Wednesday, April 30, 2008

Removing messages from postfix mail queue

Mail is backing up in the mail queue on my postfix server. I've found that many messages are ones I can remove, but I don't want to manually delete them one at a time. I found a posting on howtoforge that helped:

However, the command didn't work, as I think it left the -n out of the tail command. So I used this command and it worked:

mailq | tail -n +2 | awk 'BEGIN { RS = "" } / falko@example\.com$/ { print $1 }' | tr -d '*!' | postsuper -d -

Unfortunately, this didn't work right away. The mailq command was reporting nothing in the mail queue. I discovered that /usr/bin/mailq was pointing at the sendmail version of mailq. I fixed this by fixing the symlink for mta-mailq:

cd /etc/alternatives
rm mta-mailq
ln -s /usr/bin/mailq.postfix mta-mailq

Now running mailq gives the results that postfix -p does. I'm unclear on if the output of mailq is the same as postfix -p (and I didn't take the time to look), but it works this way.
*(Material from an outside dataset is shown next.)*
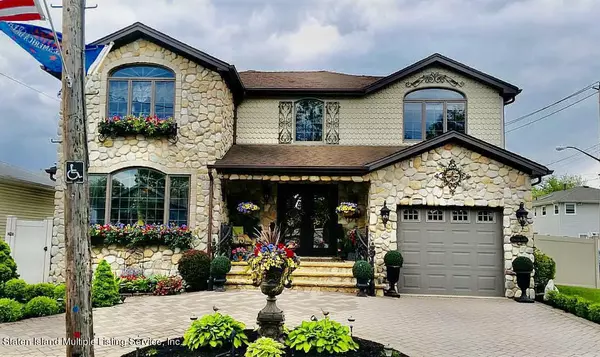 4 Mcdermott AVE, Staten Island, NY 10305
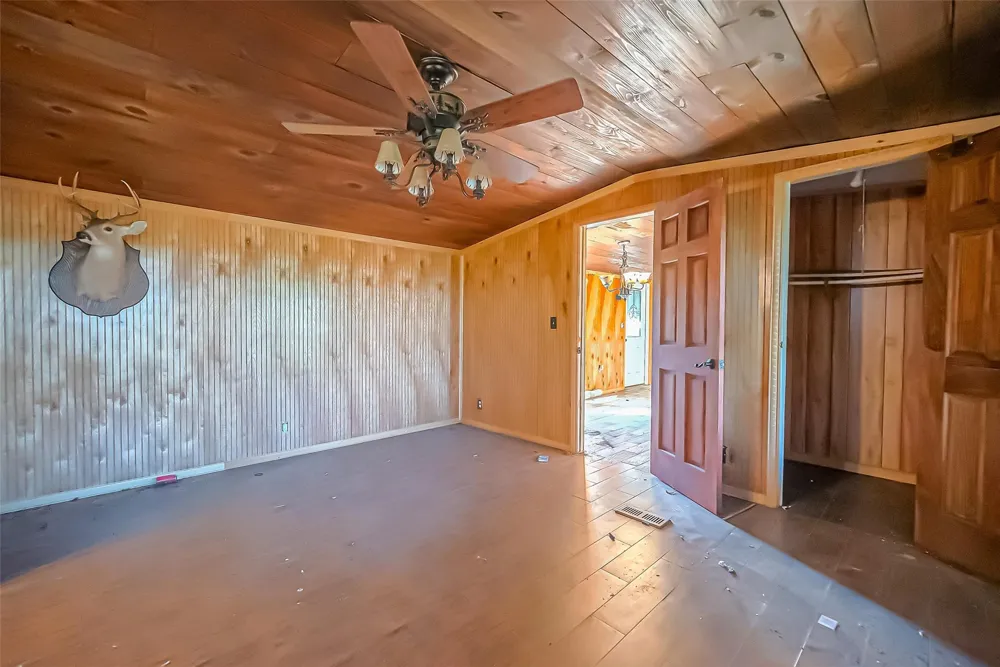 2830 County Road 290 Angleton, TX 77515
I found the following command useful to see how many messages are currently in the queue:

postqueue -p | tail -1

Lastly, for some reason I couldn't seem to get the above command to remove mail from MAILER-DAEMON. Again, I didn't really look into the reason too much. But I found another solution on a howtoforge forum posting. The following deletes all mail in the queue that is from MAILER-DAEMON:

mailq | tail -n +2 | awk 'BEGIN { RS = "" } { if ($7 == "MAILER-DAEMON" ) print $1 }' | tr -d '*!' | postsuper -d -

Also, I found out that I should NOT have issued the following command to flush all queued mail. It takes all the deferred mail and makes them active again, trying to resend them. Most of those messages are in there because they couldn't connect to deliver for some reason, so retrying them all will take lots of time. It took well over a day to get through the entire queue.

postqueue -f (DON'T RUN THIS without knowing what it does)

Saturday, March 08, 2008

Hard drive crash

I just lost a drive on a CentOS / OpenVZ server. The system had three 750GB sata drives, two of which were mirrored, and one spare. The sdb drive had failed and brought the system down when it did so. I thought a RAID1 system was supposed to keep running even if a drive failed. Evidently not, or at least not with linux software raid.
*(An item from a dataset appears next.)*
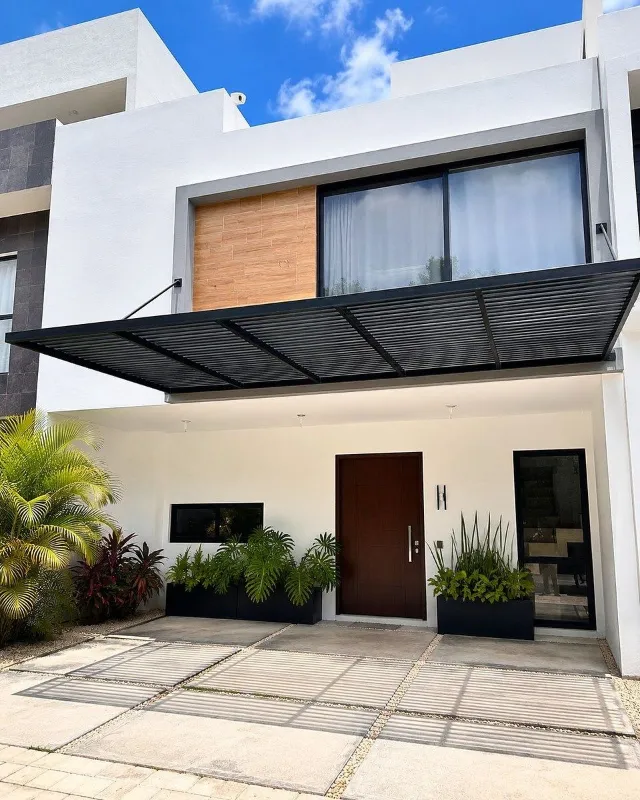Casa en Venta con Alberca en Residencial Arbolada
Anyway, the spare drive was partitioned to be used as a place to store system backups. But the system was so new that it hadn't been used much. So I just moved the data from it and then used the spare to replace the bad sdb drive. The system was configured with LVM on top of software raid for sda and sdb, and just LVM for sdc (the spare).

I used fdisk to verify the drive partitions. I did a lot of testing and checking to make sure that I wasn't going to blow away the only good data I had.

fdisk -l /dev/sda
fdisk -l /dev/sdb

Once I was absolutely sure that sda had the good data, sdb was bad, and sdc was the spare, I first removed the LVM settings from the spare drive. Note that the system was reporting sdc as sdb because it didn't recognize the bad drive anymore. Unfortunately, I didn't keep great notes, but I think I did this:

lvremove /dev/vg1/lvbackup
vgremove /dev/vg0
pvremove /dev/sdb1

With those settings out of LVM, I repartitioned the spare drive (now reporting as sdb) to match the exact partition of sda. This command copies the partition of sda and overwrites the partition of sdb with the sampartitioning.

sfdisk -d /dev/sda | sfdisk /dev/sdb

I tried to remove the old sdb drive from the raid array, but the --failed and --removed commands reported errors:

mdadm --manage /dev/md1 --fail /dev/sdb1
mdadm --manage /dev/md1 --remove /dev/sdb1

So I just added the new drive partitions to the raid array:

mdadm --manage /dev/md0 --add /dev/sdb1
mdadm --manage /dev/md1 --add /dev/sdb2

Checking /proc/mdstat showed the partitions syncing. I rebooted just to make sure it all came back up properly, which it did.

Then, about an hour later, the load on the server skyrocketed up to the 30-50 range. This server is a dual 4-core cpu (total of 8 cores) with 16GB ram and three 750GB Seagate Barracuda ES.2 sata drives. I'm not sure what caused it, but I was worried it might be the raid sync. I found out that my customer was running myisamchk on their database at the same time. So maybe it was just that. The load came back down to around 1.5 and the syncing is still running. I guess it is all good now...

I found this resource a helpful guide while solving this problem: